INPUT DATA:
+ + + +

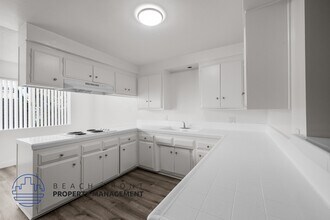 355 Coronado Ave. in Long Beach, CA - Foto de edificio - Building Photo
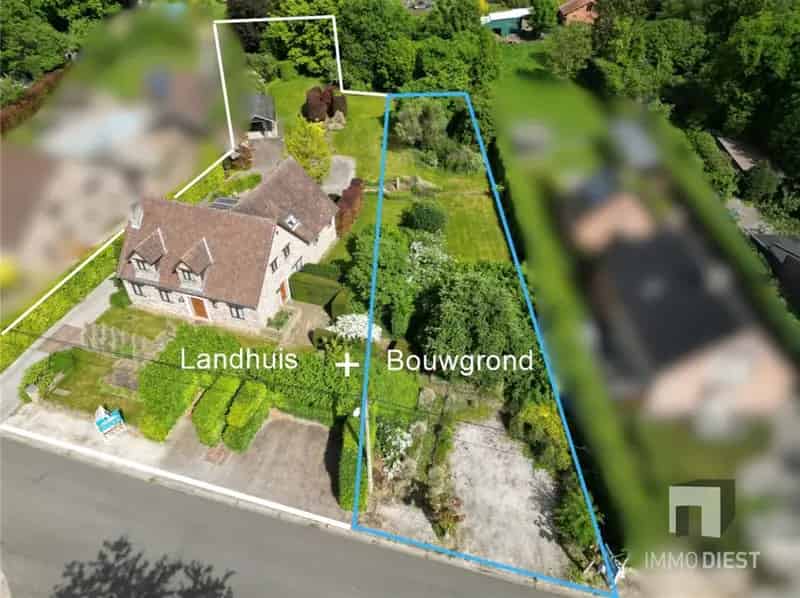 Landhuis + bouwgrond samen 31,49are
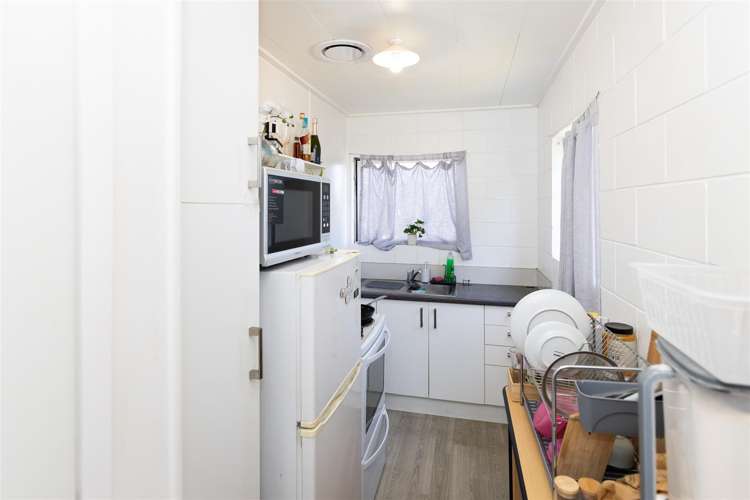 226 Old Farm Road Hamilton East_10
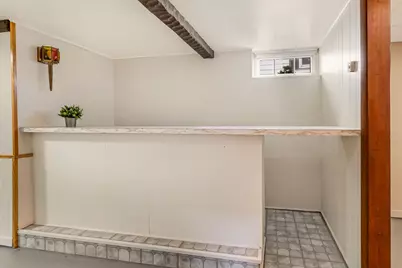 5522 N Mohawk Ave, Glendale, WI 53217 - Photo 13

+ + + +

WHAT IS BEING ASKED:
The listing above should be returned word for word, with pictures omitted.

TASK SOLUTION:
 355 Coronado Ave. in Long Beach, CA - Foto de edificio - Building Photo
 Landhuis + bouwgrond samen 31,49are
 226 Old Farm Road Hamilton East_10
 5522 N Mohawk Ave, Glendale, WI 53217 - Photo 13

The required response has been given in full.